5.3.1.  Maintaining AVG_RTCP_SIZE

   The RTCP scheduling algorithm in [RFC3550] works on a per-SSRC basis.
   Each SSRC sends a single compound RTCP packet in each RTCP reporting
   interval.  When an endpoint uses multiple SSRCs, it is desirable to
   aggregate the compound RTCP packets sent by its SSRCs, reducing the
   overhead by forming a larger compound RTCP packet.  This aggregation
   can be done as described in Section 5.3.2, provided the average RTCP
   packet size calculation is updated as follows.

   Participants in an RTP session update their estimate of the average
   RTCP packet size (avg_rtcp_size) each time they send or receive an
   RTCP packet (see Section 6.3.3 of [RFC3550]).  When a compound RTCP
   packet that contains RTCP packets from several SSRCs is sent or
   received, the avg_rtcp_size estimate for each SSRC that is reported
   upon is updated using div_packet_size rather than the actual packet
   size:

      avg_rtcp_size = (1/16) * div_packet_size + (15/16) * avg_rtcp_size

   where div_packet_size is packet_size divided by the number of SSRCs
   reporting in that compound packet.  The number of SSRCs reporting in
   a compound packet is determined by counting the number of different
   SSRCs that are the source of SR or RR RTCP packets within the
   compound RTCP packet.  Non-compound RTCP packets (i.e., RTCP packets
   that do not contain an SR or RR packet [RFC5506]) are considered to
   report on a single SSRC.

   A participant that doesn't follow the above rule, and instead uses
   the full RTCP compound packet size to calculate avg_rtcp_size, will
   derive an RTCP reporting interval that is overly large by a factor
   that is proportional to the number of SSRCs aggregated into compound
   RTCP packets and the size of set of SSRCs being aggregated relative
   to the total number of participants.  This increased RTCP reporting
   interval can cause premature timeouts if it is more than five times
   the interval chosen by the SSRCs that understand compound RTCP that
   aggregate reports from many SSRCs.  A 1500-octet MTU can fit five
   typical-size reports into a compound RTCP packet, so this is a real
   concern if endpoints aggregate RTCP reports from multiple SSRCs.

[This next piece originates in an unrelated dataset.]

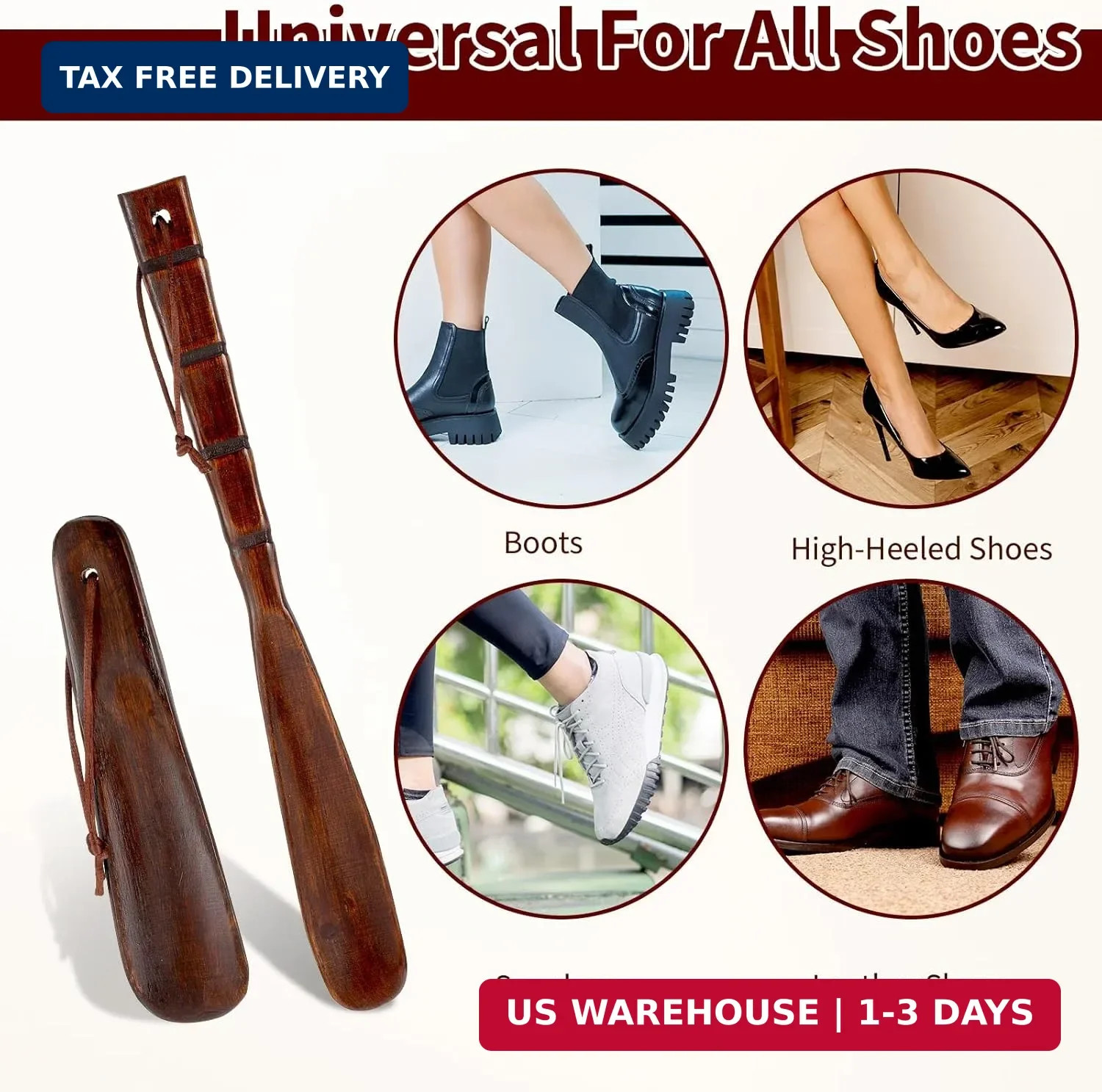 2pcs Wood Shoehorn Long and Short Handle Shoe Horn Shoe Spoon Non Slip Shoe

   The issue raised in the previous paragraph is mitigated by the
   modification in timeout behavior specified in Section 7.1.2 of this
   memo.  This mitigation is in place in those cases where the RTCP
   bandwidth is sufficiently high that an endpoint, using avg_rtcp_size
   calculated without taking into account the number of reporting SSRCs,
   can transmit more frequently than approximately every 5 seconds.
   Note, however, that the non-updated endpoint's RTCP reporting is
   still negatively impacted even if the premature timeouts of its SSRCs

RFC8108 - Page 10

   are avoided.  If compatibility with non-updated endpoints is a
   concern, the number of reports from different SSRCs aggregated into a
   single compound RTCP packet SHOULD either be limited to two reports
   or aggregation ought not be used at all.  This will limit the
   non-updated endpoint's RTCP reporting interval to be no larger than
   twice the RTCP reporting interval that would be chosen by an endpoint
   following this specification.

5.3.2.  Scheduling RTCP when Aggregating Multiple SSRCs

   This section revises and extends the behavior defined in Section 6.3
   of [RFC3550], and in Section 3.5.3 of [RFC4585] if the RTP/AVPF
   profile or the RTP/SAVPF profile is used, regarding actions to take
   when scheduling and sending RTCP packets where multiple reporting
   SSRCs are aggregating their RTCP packets into the same compound RTCP
   packet.  These changes to the RTCP scheduling rules are needed to
   maintain important RTCP timing properties, including the inter-packet
   distribution, and the behavior during flash joins and other changes
   in session membership.

   The variables tn, tp, tc, T, and Td used in the following are defined
   in Section 6.3 of [RFC3550].  The variables T_rr_interval and
   T_rr_last are defined in [RFC4585].

   Each endpoint MUST schedule RTCP transmission independently for each
   of its SSRCs using the regular calculation of tn for the RTP profile
   being used.  Each time the timer tn expires for an SSRC, the endpoint
   MUST perform RTCP timer reconsideration and, if applicable,
   suppression based on T_rr_interval.  If the result indicates that a
   compound RTCP packet is to be sent by that SSRC, and the transmission
   is not an early RTCP packet [RFC4585], then the endpoint SHOULD try
   to aggregate RTCP packets of additional SSRCs that are scheduled in
   the future into the compound RTCP packet before it is sent.  The
   reason to limit or not aggregate due to backwards compatibility
   reasons is discussed in Section 5.3.1.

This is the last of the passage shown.